The outcome of this article will be published with the positive vote of 5 members of the research group and the negative vote of 4 members in addition to the negative vote of Mohammad Hossein Adib.

The end of the dollar

This article is published with the positive vote of 5 members of the research group and the negative vote of 4 members in addition to the negative vote of Mohammad Hossein Adib

The root of the country’s problems is one thing: the growth of money over the past 30 years has exceeded the growth of goods, and if the growth of money exceeds the growth of goods, the difference will be neutralized by the inflation of Rial.

If the inflation in Iran is higher than the inflation in the rest of the world, the difference will be neutralized by increasing the exchange rate

Has the inflationary burden of additional money been neutralized when the dollar reaches the existing rates?

The answer is absolutely no, at least half of the available liquidity is excess

Excess liquidity must be neutralized and it will definitely be neutralized, so it can be neutralized in two ways:

The first solution is for the government to take no action. In this case, the excess liquidity maneuvers so much in the currency and housing sector to raise the price of currency and housing above the depositor’s inflationary expectations, that is, it makes the dollar and housing so expensive that The depositor also evaluates the purchase at that level as irrational and voluntarily abandons the currency and housing sector. In this scenario, if the depositor raises the dollar above 14 thousand tomans, the market will react in two ways:
Now, with 10,300 Tomans, sales (average sales) in the country is 40% of 2016, when the dollar crosses 14 Tomans, sales in the country will decrease to 20% of 2016.

By reducing the sales to 20% in 2016, 80% of those who have bank debt will not be able to pay their bank debt, when 80% of the bank debt is not paid, banks will not be able to pay interest on deposits, and with the inability of banks to pay interest on deposits The whole game is over. Banks have to pay 7% interest to depositors for ten years, but they pay 20%. Two-thirds of the deposits are illusory interest.

When the entire society evaluates two-thirds of the interest paid as illusory and wind, everything will be over, the imaginary wealth of the depositor will become clear.
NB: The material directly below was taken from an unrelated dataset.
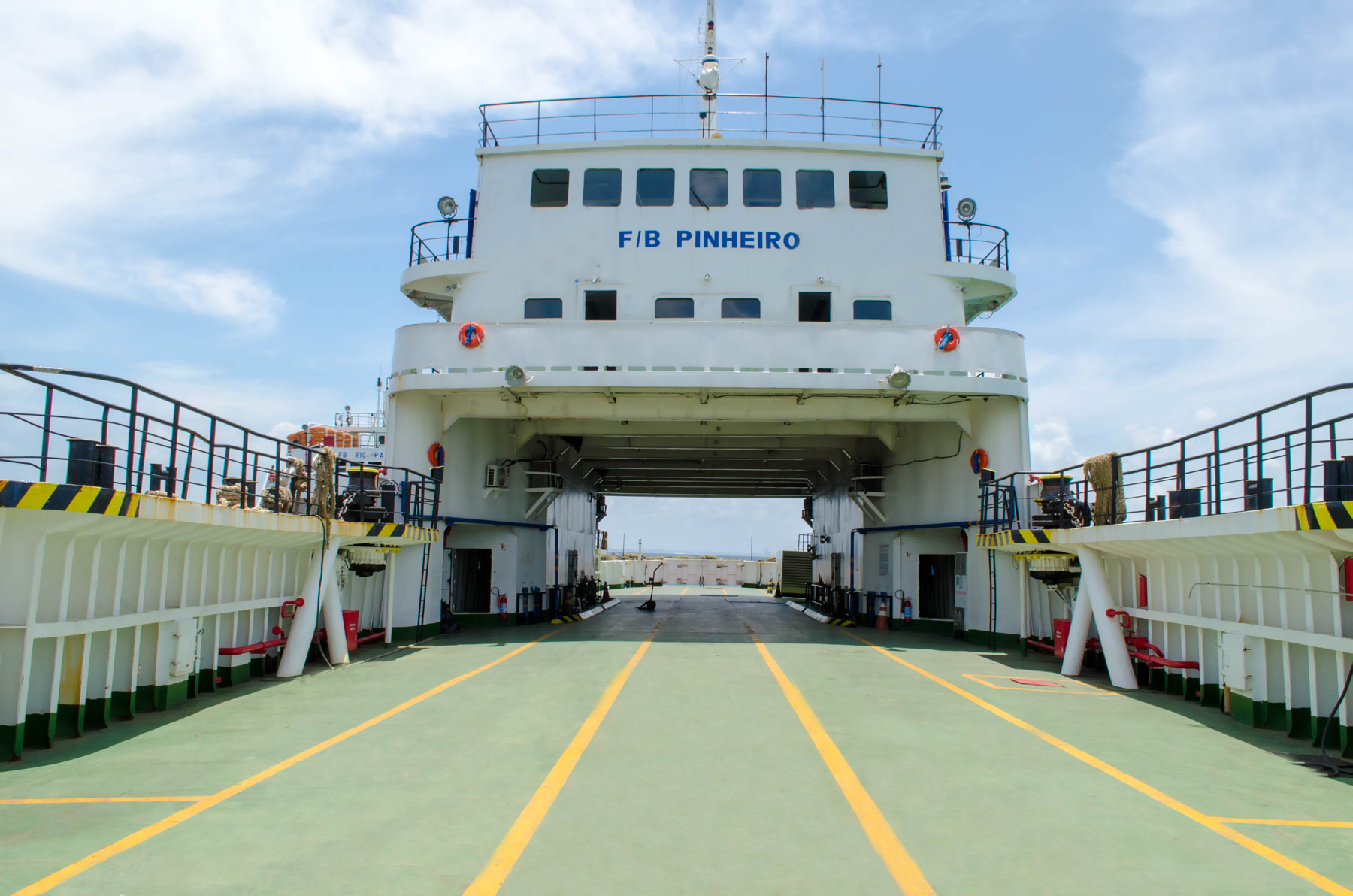 Imagem de Sistema Ferry-Boat terá Operação Especial de Fim de Ano com funcionamento ininterrupto em dois dias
The next day, the price of currency and housing will fall

Now the price of the dollar has been set to such an extent that the salaries of employees and retirees are 63% lower than the previous year

Now the exchange rate is set at a level where 70% of the shopkeepers are not able to manage their business with economic justification

That fall will solve everything, the price of the dollar and housing will adjust so much that it matches the purchasing power of the poor and middle class.

Second solution:
If the central bank does not intervene, the economy will move in the direction of the first solution, but there is a second solution, 50% of the deposits are one-year long-term deposits, if similar to Argentina, the central bank will take deposits above 2 billion tomans for one year for a period of three Freeze the year, everything will be solved, 50% of one-year deposits above 2 billion tomans will be blocked for a period of three years

Mohammad Hossein Adib’s footnote on the analysis of 5 members of the research group:

There are 800,000 surplus liquidity in the country, and this surplus liquidity cannot be diverted every once in a while and destroy a part of the country’s economy, it must run out of energy at once.